Your reply should reproduce all the data below exactly while excluding the pictures.

SOURCE MATERIAL:
════════
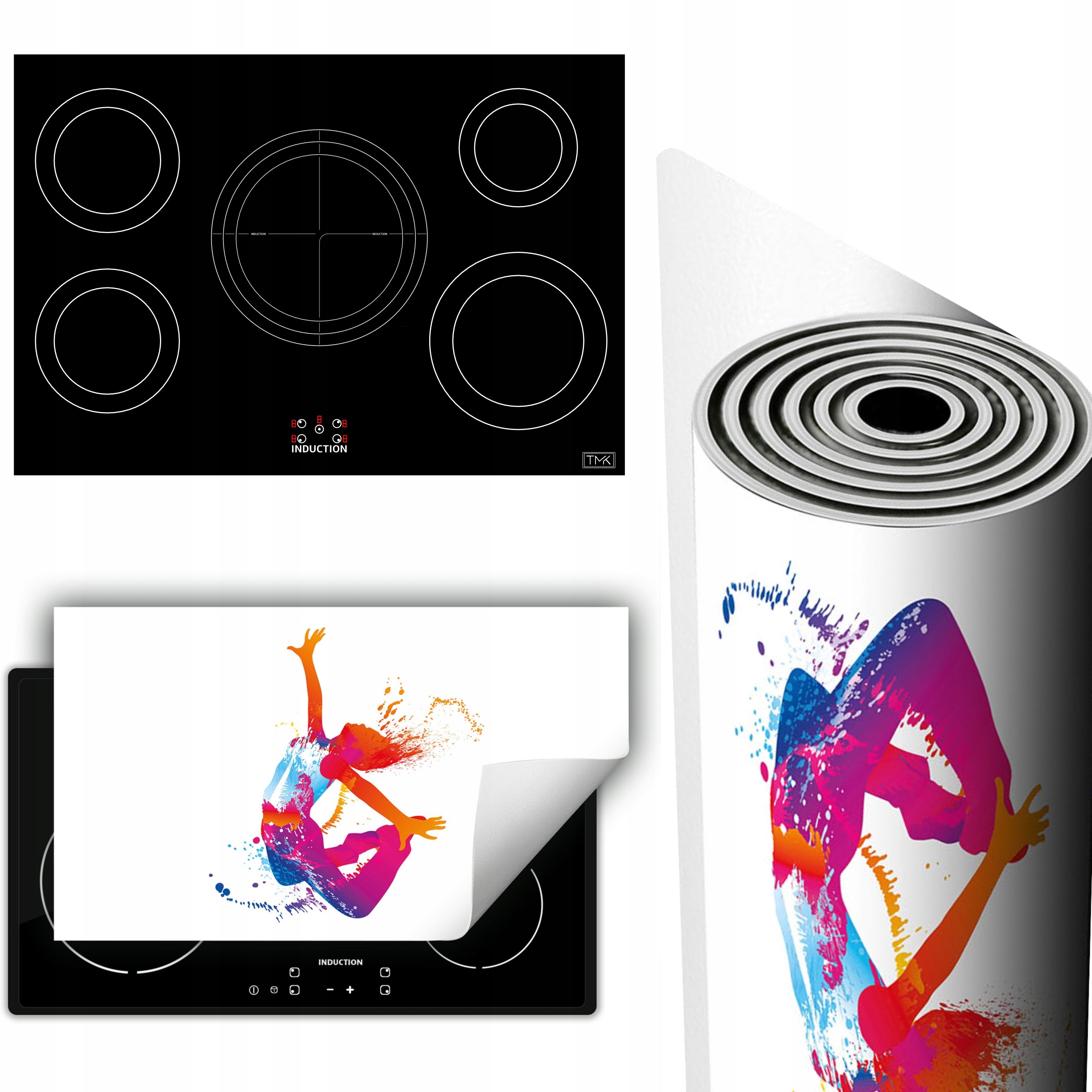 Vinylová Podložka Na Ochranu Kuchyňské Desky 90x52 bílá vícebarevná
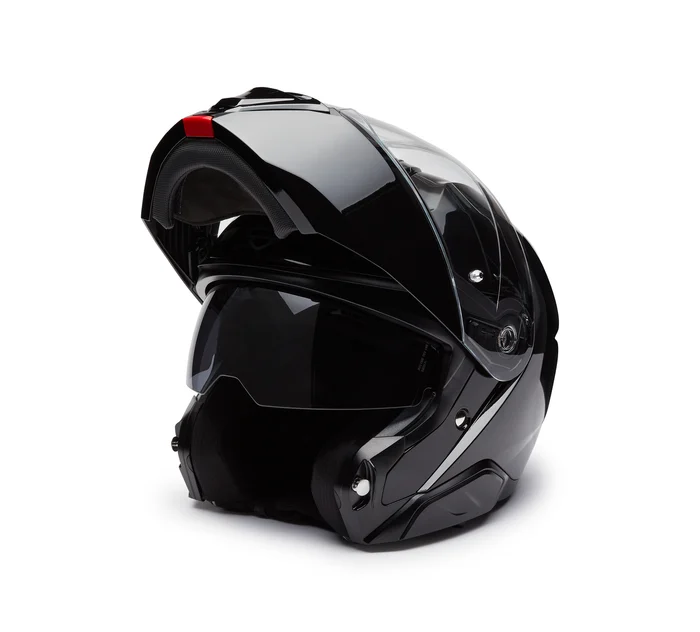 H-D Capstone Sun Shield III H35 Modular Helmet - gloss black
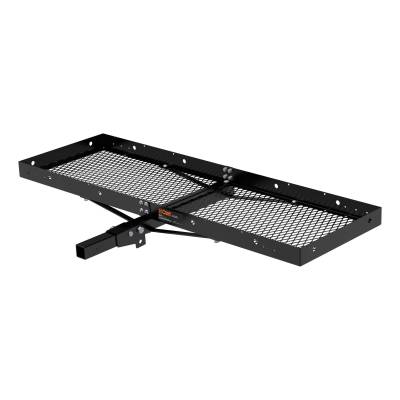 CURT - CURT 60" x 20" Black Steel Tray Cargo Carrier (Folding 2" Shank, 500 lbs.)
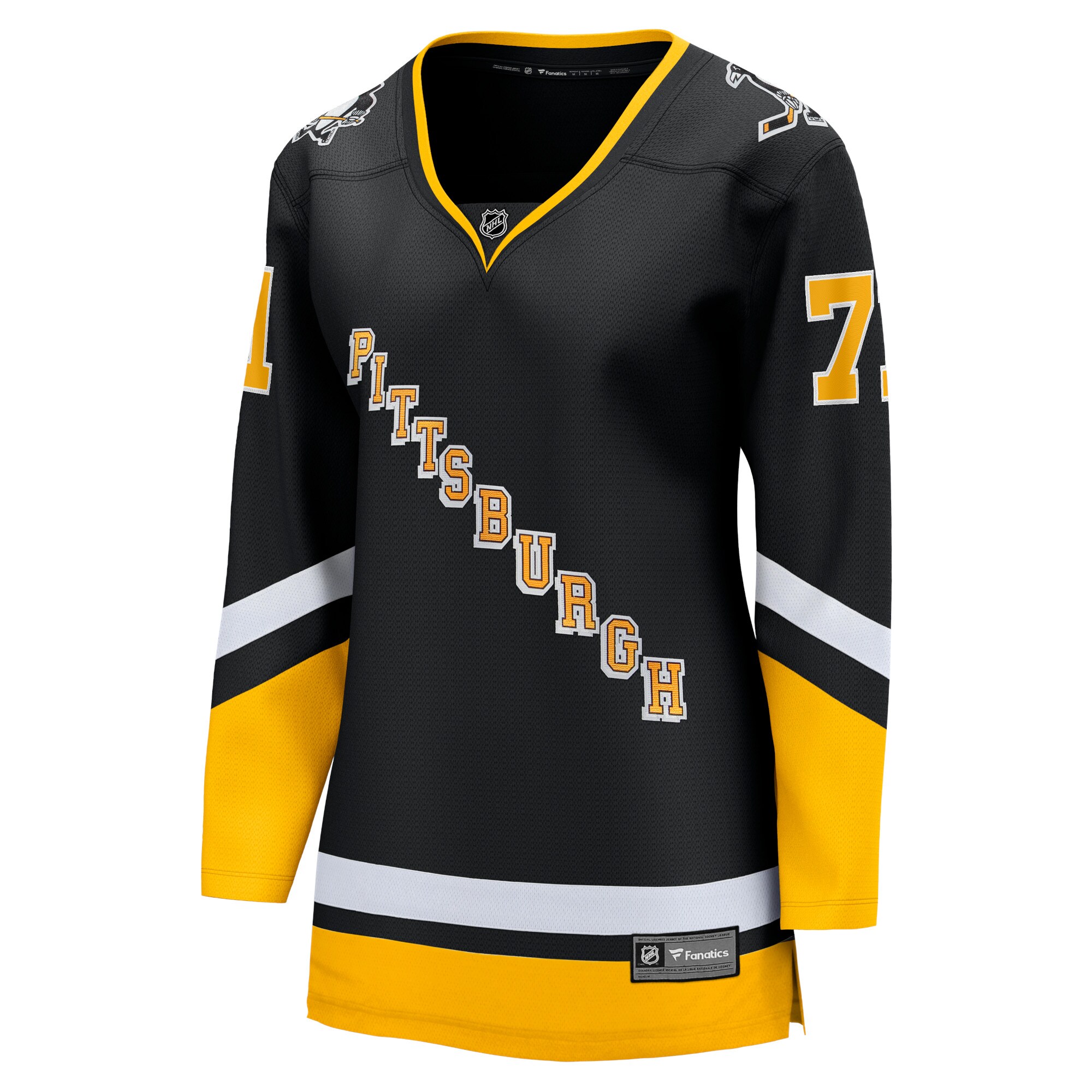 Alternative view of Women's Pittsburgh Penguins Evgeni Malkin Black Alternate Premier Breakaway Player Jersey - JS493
════════
SOLUTION FOR THIS PROBLEM:
 Vinylová Podložka Na Ochranu Kuchyňské Desky 90x52 bílá vícebarevná
 H-D Capstone Sun Shield III H35 Modular Helmet - gloss black
 CURT - CURT 60" x 20" Black Steel Tray Cargo Carrier (Folding 2" Shank, 500 lbs.)
 Alternative view of Women's Pittsburgh Penguins Evgeni Malkin Black Alternate Premier Breakaway Player Jersey - JS493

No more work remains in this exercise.